Can anyone share their experiences using AWS Lambda in Production?

tjholowaychuk · on Nov 20, 2016

I wrote the apex(1) tool and created https://apex.sh/ping/ with Lambda, in general it has been great, has scaled flawlessly since launch (granted I'm only doing ~8M requests / day).

Conceptually I think it's great for pipelines or use-cases like this, VMs are generally a terrible level of abstraction for a lot of problems, and the Lambda style promotes better architecture because of this.

The connectivity between Kinesis/SNS and friends is great. I'd agree that Lambda is not currently a good fit for "regular" apps, APIs should be fine now that the proxy stuff is in there, though there's slight latency.

No need to worry about gracefully stopping or restarting daemons, just push new code and the old stuff goes away, it really is a great abstraction that way. Basically replace anything you'd use a Go channel for, with more Lambda or SNS->Lambda if you need retries and backoff, it'll spare you a lot of code.

I find the workflow great as well, the slowest part for me is compiling the Go binaries, the rest is virtually instant. Especially now with all this needlessly complex Docker stuff it's refreshing to use something simple.

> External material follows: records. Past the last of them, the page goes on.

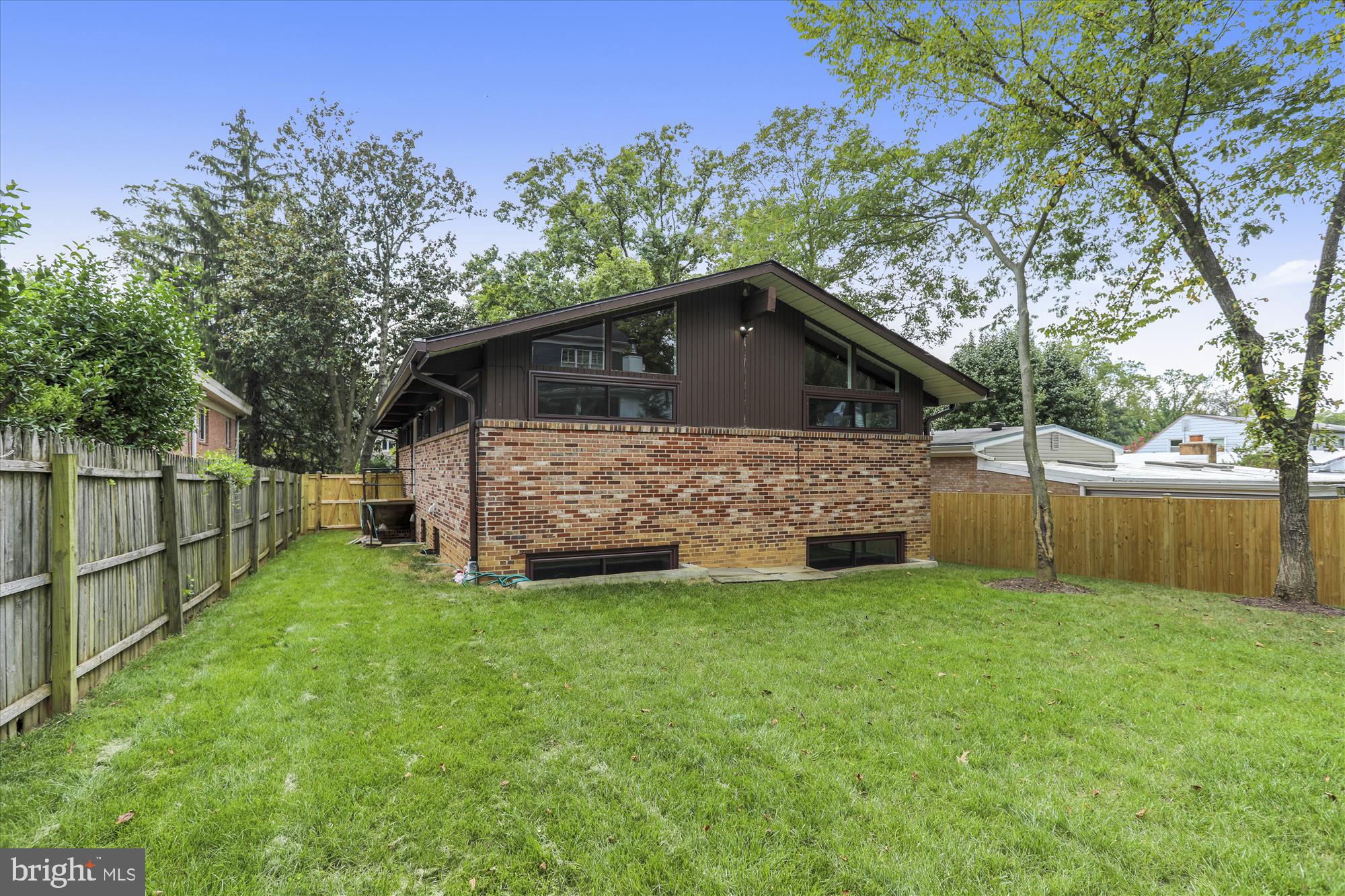 GREENWICH FOREST - Residential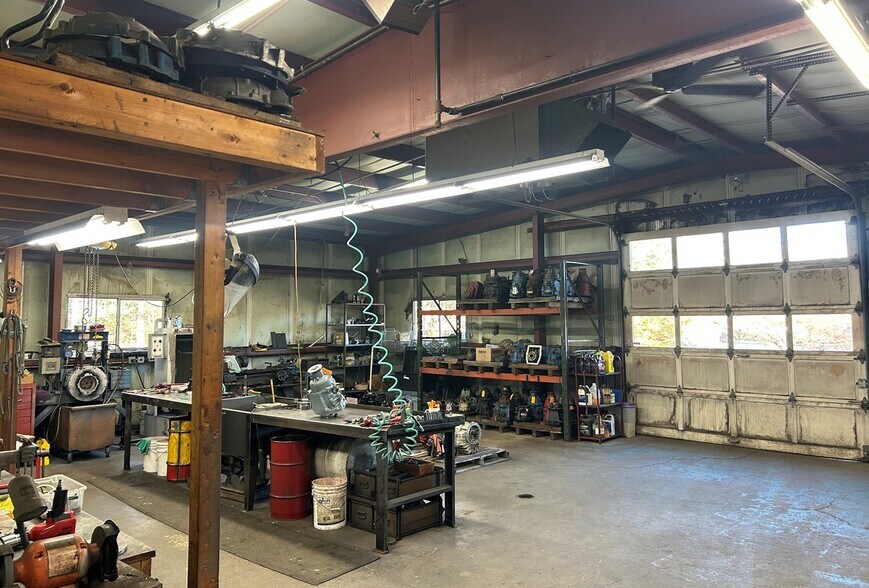 More Photos Of 418 Boston St, Topsfield Warehouse For Sale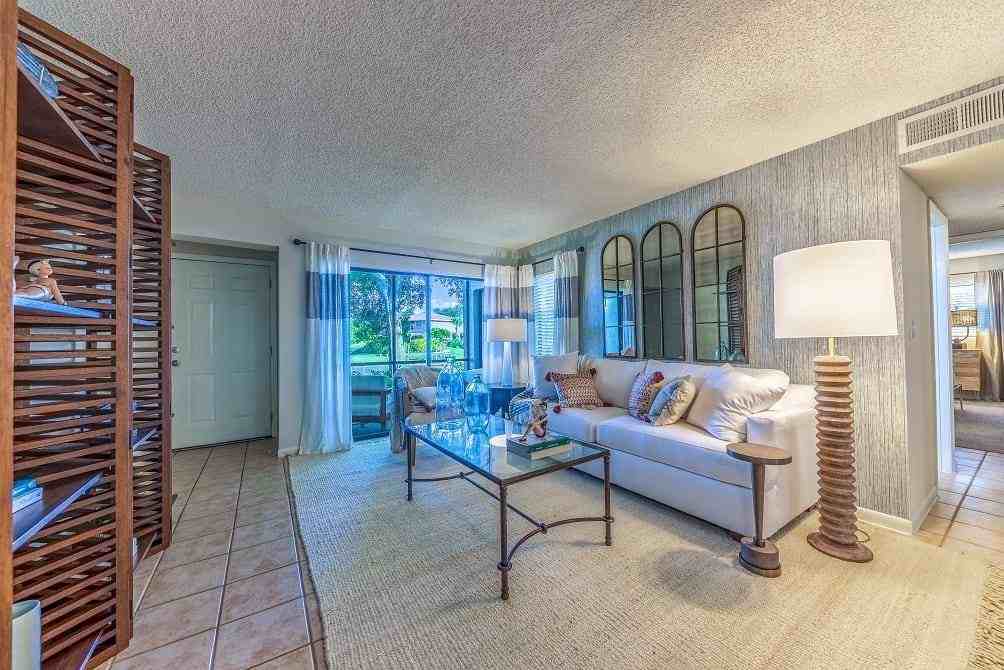 5566 Baywater Dr - Photo 4 of 13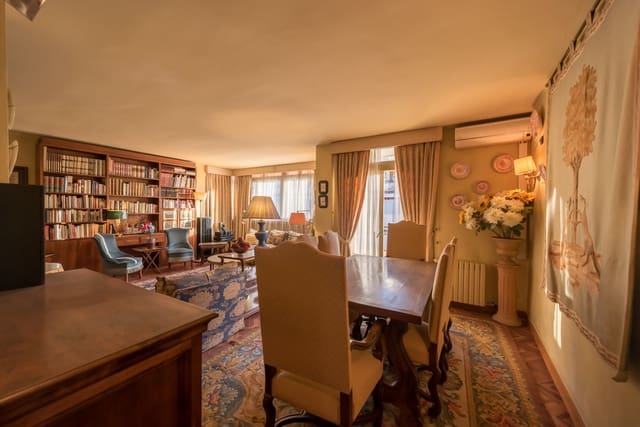 3 bedroom Flat for sale in Palma de Mallorca - € 625,000 (Ref: 6547058)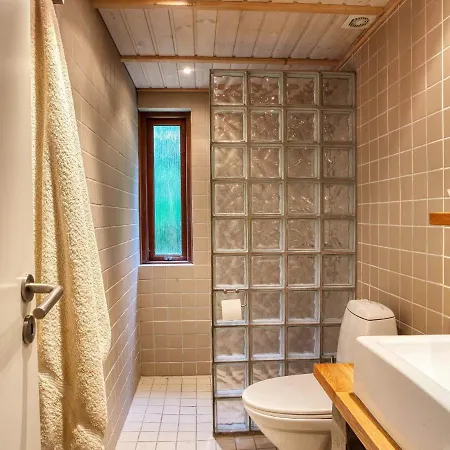 Holiday home 6 Person In F Revejle Farevejle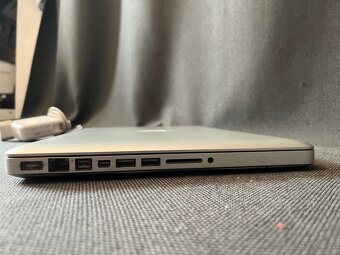 Predám MacBook Pro 13 inch mid 2010 - 8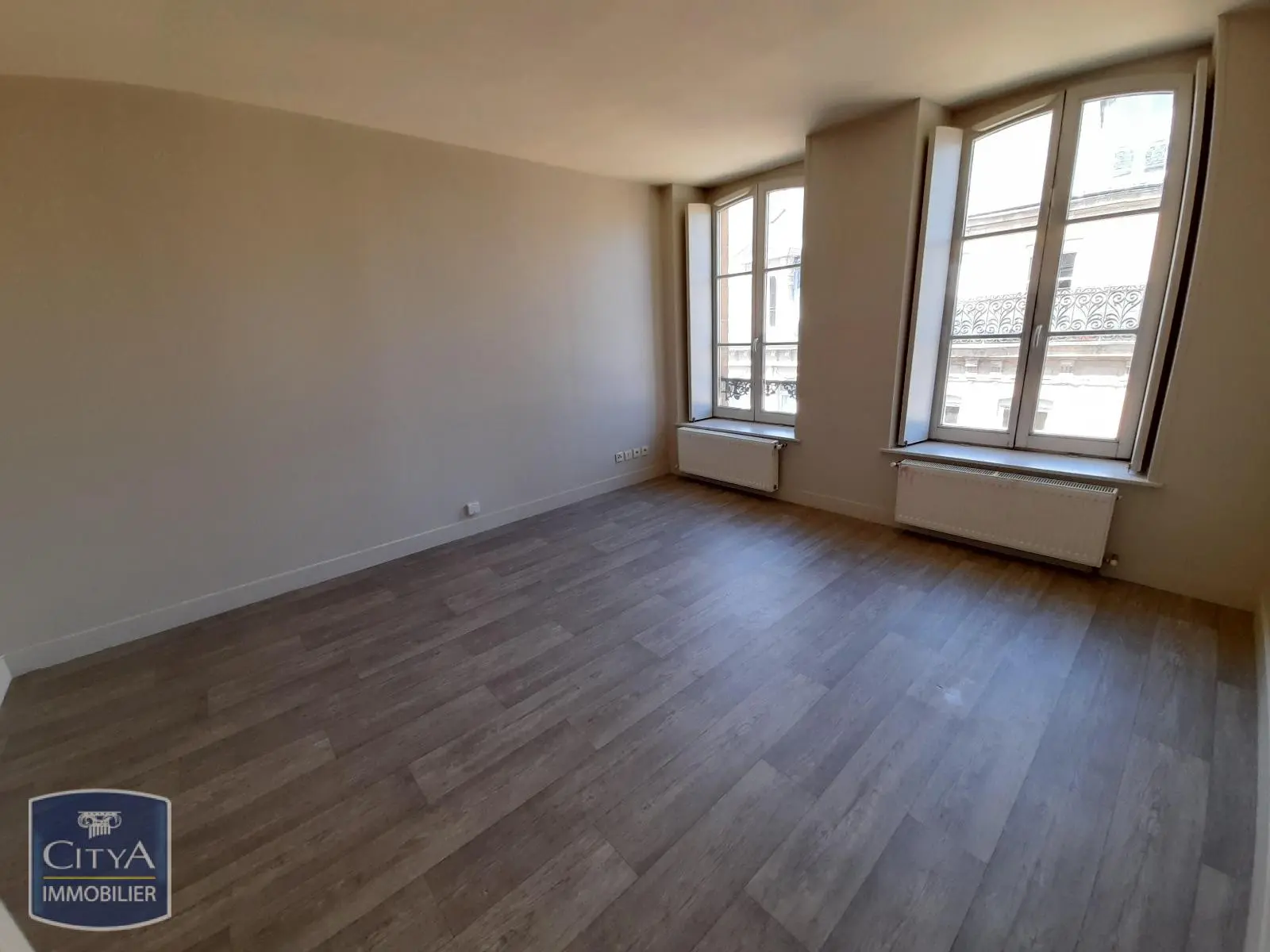 Photo 1 Appartement 1 pièce 34.85m²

Cost is prohibitive for sustained use, so make sure you price things out properly, it sounds very cheap until you look at say a constant 100 requests/s behind API Gateway. It's easily 300-400% what you'd pay on EC2.

Cold-start is really a non-issue in most cases, it seems to take very little to keep a function warmed, so unless you get zero traffic (which would be dirt cheap on a t2.micro anyway) you'll be fine.

boyd · on Nov 20, 2016

Had never heard of apex. Looks really nice and giving it a try now!

Edit: Feedback: Really like it. One feature that would be very nice would be the ability to trigger a ping on demand, e.g., for testing auth set up on a request. Runscope implements a similar feature. Otherwise great so far!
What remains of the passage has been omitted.